**Try it:**
Find the line containing "Ectoplasmer [SOD-EN043] Super" in the listing below. Repeat it exactly, along with each following line up to and including the one containing "F50 Elite FG Salah AFCON - Footxo".
(Provided data)
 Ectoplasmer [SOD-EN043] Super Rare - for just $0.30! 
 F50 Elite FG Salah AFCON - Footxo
(End Provided data)
(Provided data)
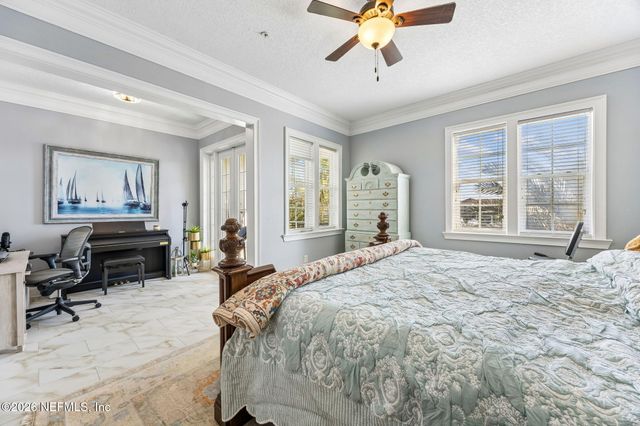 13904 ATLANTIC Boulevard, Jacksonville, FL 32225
(End Provided data)
**Task result:**
 Ectoplasmer [SOD-EN043] Super Rare - for just $0.30! 
 F50 Elite FG Salah AFCON - Footxo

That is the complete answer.